■ Input records ■
BEGIN
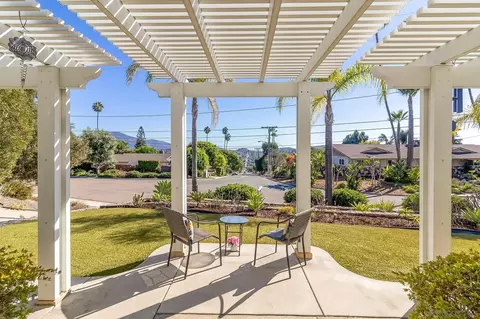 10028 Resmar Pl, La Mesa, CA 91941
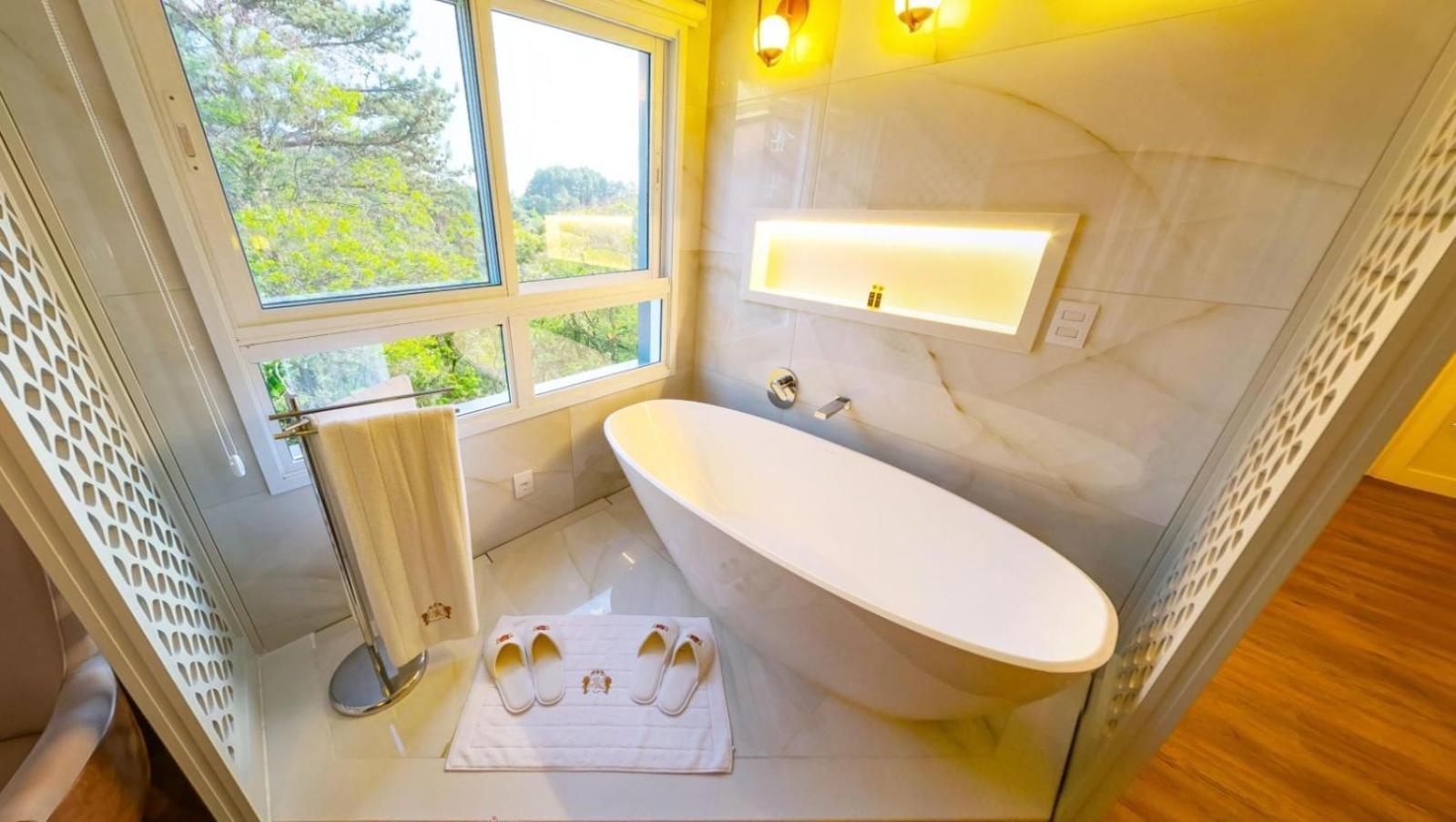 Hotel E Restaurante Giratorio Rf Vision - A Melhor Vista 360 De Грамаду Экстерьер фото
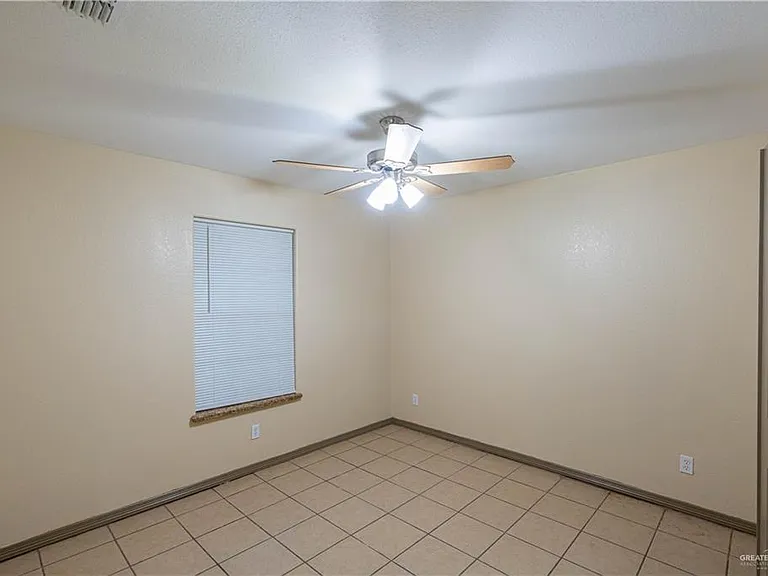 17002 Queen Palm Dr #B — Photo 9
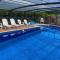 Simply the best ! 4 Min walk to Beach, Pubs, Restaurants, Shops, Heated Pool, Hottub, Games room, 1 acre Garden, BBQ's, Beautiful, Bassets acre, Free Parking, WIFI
END
BEGIN
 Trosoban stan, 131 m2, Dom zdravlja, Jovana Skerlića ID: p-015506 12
END
BEGIN
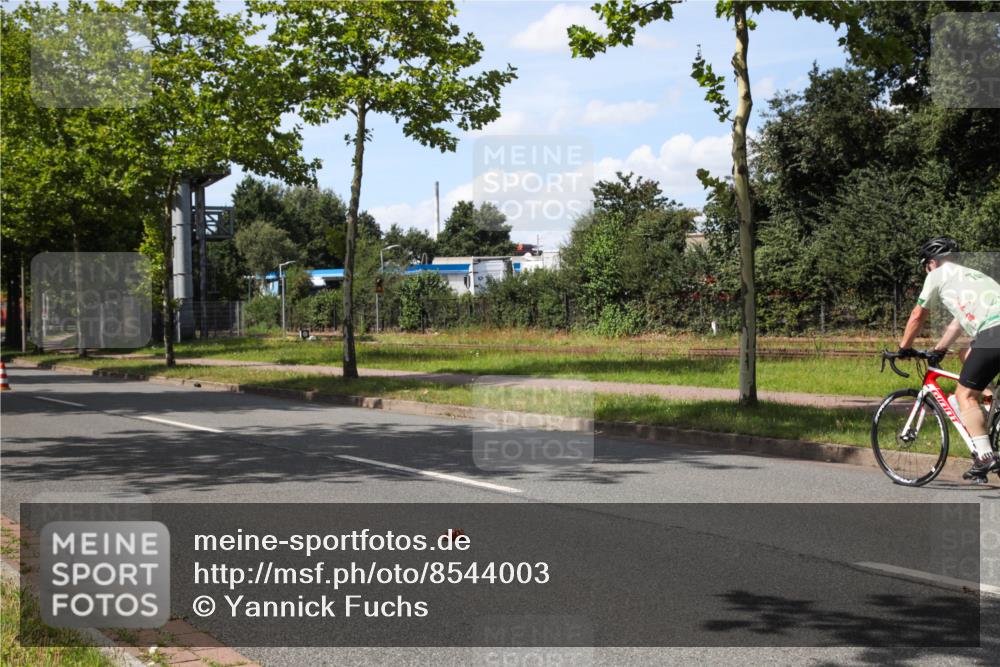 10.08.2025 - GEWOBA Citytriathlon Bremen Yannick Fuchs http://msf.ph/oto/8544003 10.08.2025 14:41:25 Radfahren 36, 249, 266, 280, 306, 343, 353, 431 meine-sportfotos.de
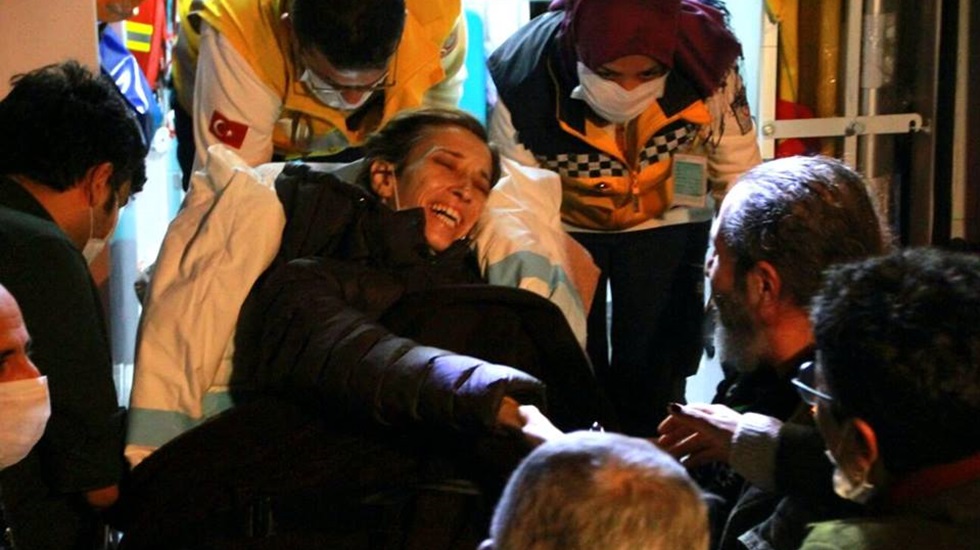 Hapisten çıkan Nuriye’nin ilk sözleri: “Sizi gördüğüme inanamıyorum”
END
■ Task to carry out ■
Please output the lines above beginning at the line with "10.08.2025 - GEWOBA" and ending after the line with "Hapisten çıkan Nuriye’nin", precisely as written and with no pictures.

■ Your solution ■
 10.08.2025 - GEWOBA Citytriathlon Bremen Yannick Fuchs http://msf.ph/oto/8544003 10.08.2025 14:41:25 Radfahren 36, 249, 266, 280, 306, 343, 353, 431 meine-sportfotos.de
 Hapisten çıkan Nuriye’nin ilk sözleri: “Sizi gördüğüme inanamıyorum”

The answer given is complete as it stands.